Provided records:
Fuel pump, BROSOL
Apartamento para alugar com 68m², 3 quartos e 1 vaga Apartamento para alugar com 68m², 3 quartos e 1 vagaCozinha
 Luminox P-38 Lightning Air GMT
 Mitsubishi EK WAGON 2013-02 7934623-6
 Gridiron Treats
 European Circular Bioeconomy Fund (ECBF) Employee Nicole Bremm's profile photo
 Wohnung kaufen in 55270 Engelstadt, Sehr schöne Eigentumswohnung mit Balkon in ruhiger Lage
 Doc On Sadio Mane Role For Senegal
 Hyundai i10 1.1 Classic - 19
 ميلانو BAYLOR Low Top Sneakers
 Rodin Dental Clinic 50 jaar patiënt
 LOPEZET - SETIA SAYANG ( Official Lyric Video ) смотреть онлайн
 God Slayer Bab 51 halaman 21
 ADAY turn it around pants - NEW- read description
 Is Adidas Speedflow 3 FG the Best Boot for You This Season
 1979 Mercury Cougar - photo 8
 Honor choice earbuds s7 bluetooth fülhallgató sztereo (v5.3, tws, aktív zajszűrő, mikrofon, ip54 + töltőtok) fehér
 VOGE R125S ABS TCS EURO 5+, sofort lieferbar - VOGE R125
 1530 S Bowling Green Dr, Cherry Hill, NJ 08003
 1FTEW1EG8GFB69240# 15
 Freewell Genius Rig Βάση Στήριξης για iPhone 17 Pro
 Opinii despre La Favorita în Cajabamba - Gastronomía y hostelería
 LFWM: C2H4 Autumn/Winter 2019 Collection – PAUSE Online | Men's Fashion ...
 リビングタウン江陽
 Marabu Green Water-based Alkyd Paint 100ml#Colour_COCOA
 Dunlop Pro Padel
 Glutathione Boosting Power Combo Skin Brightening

What is expected: Give the data again, exactly.

Answer space:
Fuel pump, BROSOL
Apartamento para alugar com 68m², 3 quartos e 1 vaga Apartamento para alugar com 68m², 3 quartos e 1 vagaCozinha
 Luminox P-38 Lightning Air GMT
 Mitsubishi EK WAGON 2013-02 7934623-6
 Gridiron Treats
 European Circular Bioeconomy Fund (ECBF) Employee Nicole Bremm's profile photo
 Wohnung kaufen in 55270 Engelstadt, Sehr schöne Eigentumswohnung mit Balkon in ruhiger Lage
 Doc On Sadio Mane Role For Senegal
 Hyundai i10 1.1 Classic - 19
 ميلانو BAYLOR Low Top Sneakers
 Rodin Dental Clinic 50 jaar patiënt
 LOPEZET - SETIA SAYANG ( Official Lyric Video ) смотреть онлайн
 God Slayer Bab 51 halaman 21
 ADAY turn it around pants - NEW- read description
 Is Adidas Speedflow 3 FG the Best Boot for You This Season
 1979 Mercury Cougar - photo 8
 Honor choice earbuds s7 bluetooth fülhallgató sztereo (v5.3, tws, aktív zajszűrő, mikrofon, ip54 + töltőtok) fehér
 VOGE R125S ABS TCS EURO 5+, sofort lieferbar - VOGE R125
 1530 S Bowling Green Dr, Cherry Hill, NJ 08003
 1FTEW1EG8GFB69240# 15
 Freewell Genius Rig Βάση Στήριξης για iPhone 17 Pro
 Opinii despre La Favorita în Cajabamba - Gastronomía y hostelería
 LFWM: C2H4 Autumn/Winter 2019 Collection – PAUSE Online | Men's Fashion ...
 リビングタウン江陽
 Marabu Green Water-based Alkyd Paint 100ml#Colour_COCOA
 Dunlop Pro Padel
 Glutathione Boosting Power Combo Skin Brightening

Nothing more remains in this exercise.